Do you remember when you were little and had all these plans and dreams for your life?
You just knew that your life would turn out exactly like you wanted.
You grow up and pray that God will have His way with your life, and He will be done.
Just as we pray for our children when they are born, we also need to pray for our adult children.
The first few years of being a mom are like basic training; most days are rainbows and unicorns—days filled with snuggles, love, and laughter.
Then, the teenage years hit. Your training as a mom has been kicked into high gear. If the first few years are basic training, the teenage years are comparable to being a Navy Seal!
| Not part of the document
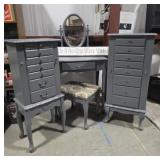 Painted Oak Furniture: Jewelry Armoire, Vanity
If you think you have a good prayer life, wait until you have adult children.
This is when it is so essential to build on the foundation of faith and prayers you have been working on all this time. There is power in the name of Jesus, and there is power in prayer!
So what do you do when God’s plan for your life doesn’t match yours?
It has been my experience that if I sincerely pray for God’s plan to be done in my life, all of my plans blow up in my face!
I had all kinds of plans. I just knew how my life was going to go. But let me assure you, God had completely different plans!
At this time, I began to ask, “Why?” “Did I make a mistake?” “Did I not hear you right?” “Is this really Your will for my life?”
God’s plan is different than mine, and I’m supposed to be thankful?
1 Thessalonians 5:18 says, “Be thankful in all circumstances, for this is God’s will for you who belong to Christ Jesus.”
This is a challenging verse to wrap my head around sometimes.
I have sat in my room or wherever, talking to God and praying about certain situations, and this verse will come to my mind.
Sometimes it is tough to understand how our current situation can be God’s will for our lives in the world.
How can being unhappy in your marriage after trying for years to do the right thing and be a faithful, loving wife be in God’s will?
When you struggle every week and month while trying your best to be a good steward, is that really God’s will?
Why would God want me to grow up with only one parent?
I am reminded of Paul in these times of questioning. Have you ever read the book of Philippians? I love it!
Philippians is considered the happiest book of the Bible. Do you know the circumstances Paul was in when he wrote the book of Philippians?
He was in prison! Yep, prison.
Trust me when I say this, I have been round and round with God on this whole ‘will’ thing.
I have prayed, questioned, praised, trusted, asked even more questions, and trusted some more. It’s crazy!
God has a plan for my life, and I have questions!
Has this ever happened to you? Have you ever asked God for something, and He gave you the opposite? How did you handle that?
What do you do when trying your best to live according to God’s word and trust Him with your life and the outcome?
Do you get angry with God? Have you ever quit trusting that God has a plan? Is it easy to become depressed?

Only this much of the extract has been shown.